## DESCRIPTION OF THE TASK
In your copy, repeat each record exactly and include no pictures.

## Dataset excerpts
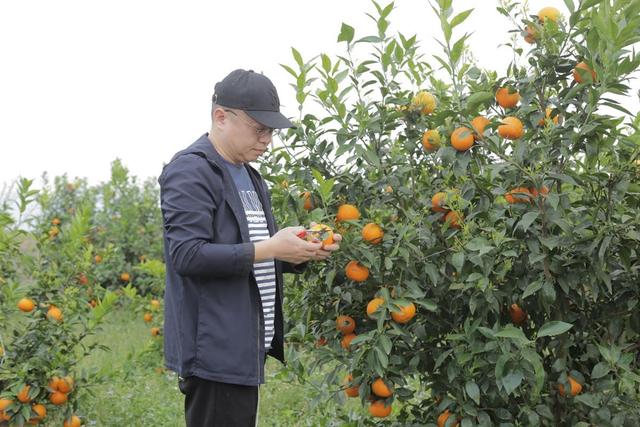 橙子是什么季节的水果，季节水果有哪些（这里四季都有甜蜜蜜的橙子）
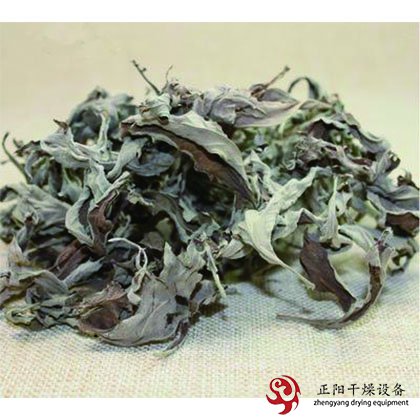 艾草、益母草、茯苓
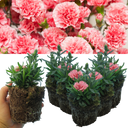 Pink Star Carnation Plants (Set of 3 or 6)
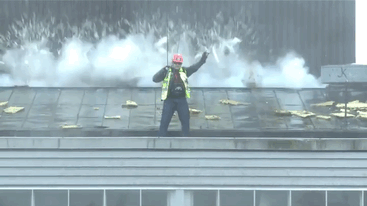 мужчины живут меньше, почему мужчины живут меньше женщин, доказательства мужчины живут меньше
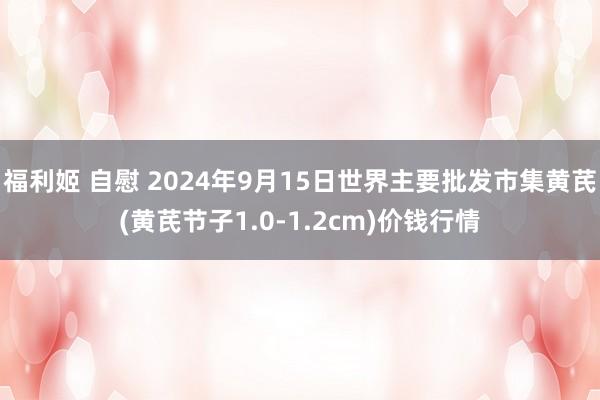 福利姬 自慰 2024年9月15日世界主要批发市集黄芪(黄芪节子1.0-1.2cm)价钱行情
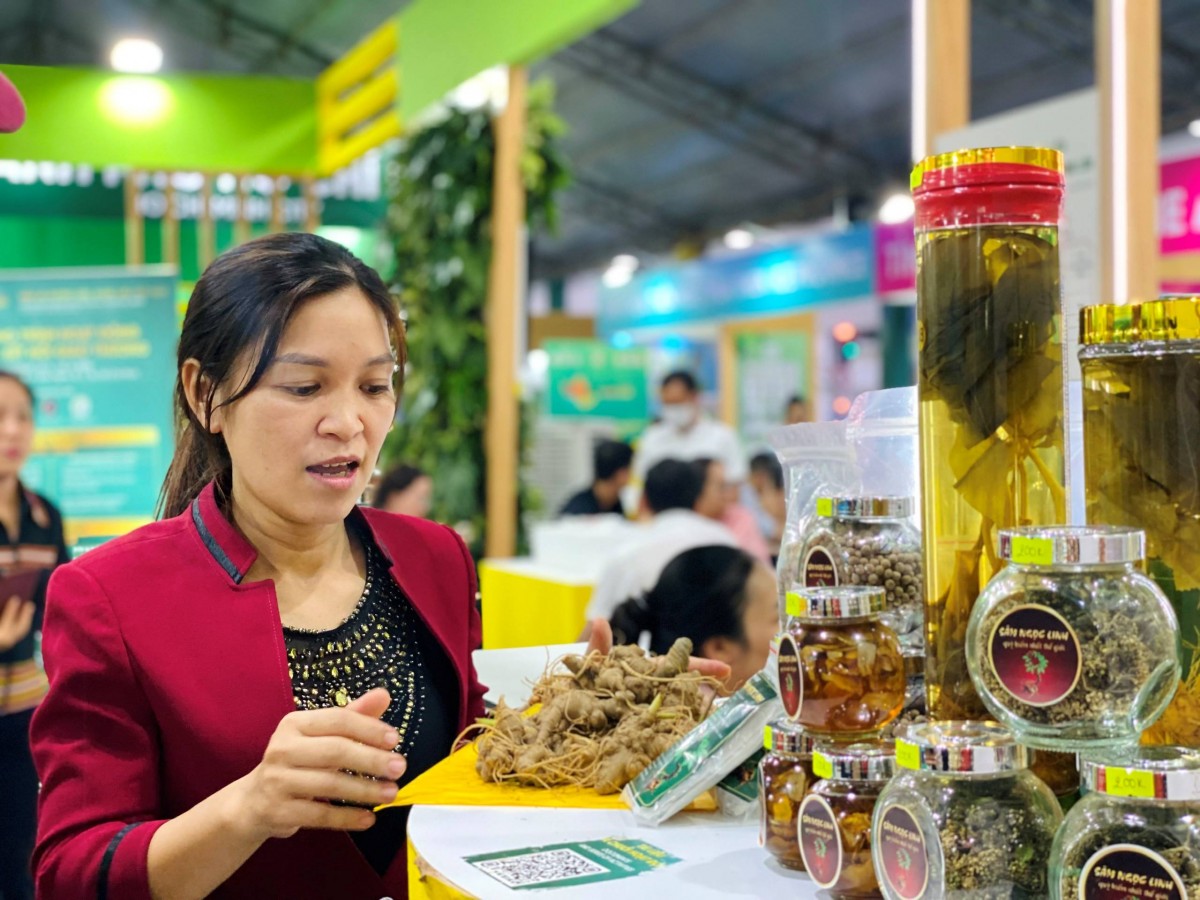 Lĩnh vực dược liệu Việt Nam có tiềm năng phát triển trở thành một ngành kinh tế - Ảnh: Thái Hòa Lĩnh vực dược liệu Việt Nam có tiềm năng phát triển trở thành một ngành kinh tế - Ảnh: Thái Hòa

## RESULT
 橙子是什么季节的水果，季节水果有哪些（这里四季都有甜蜜蜜的橙子）
 艾草、益母草、茯苓
 Pink Star Carnation Plants (Set of 3 or 6)
 мужчины живут меньше, почему мужчины живут меньше женщин, доказательства мужчины живут меньше
 福利姬 自慰 2024年9月15日世界主要批发市集黄芪(黄芪节子1.0-1.2cm)价钱行情
 Lĩnh vực dược liệu Việt Nam có tiềm năng phát triển trở thành một ngành kinh tế - Ảnh: Thái Hòa Lĩnh vực dược liệu Việt Nam có tiềm năng phát triển trở thành một ngành kinh tế - Ảnh: Thái Hòa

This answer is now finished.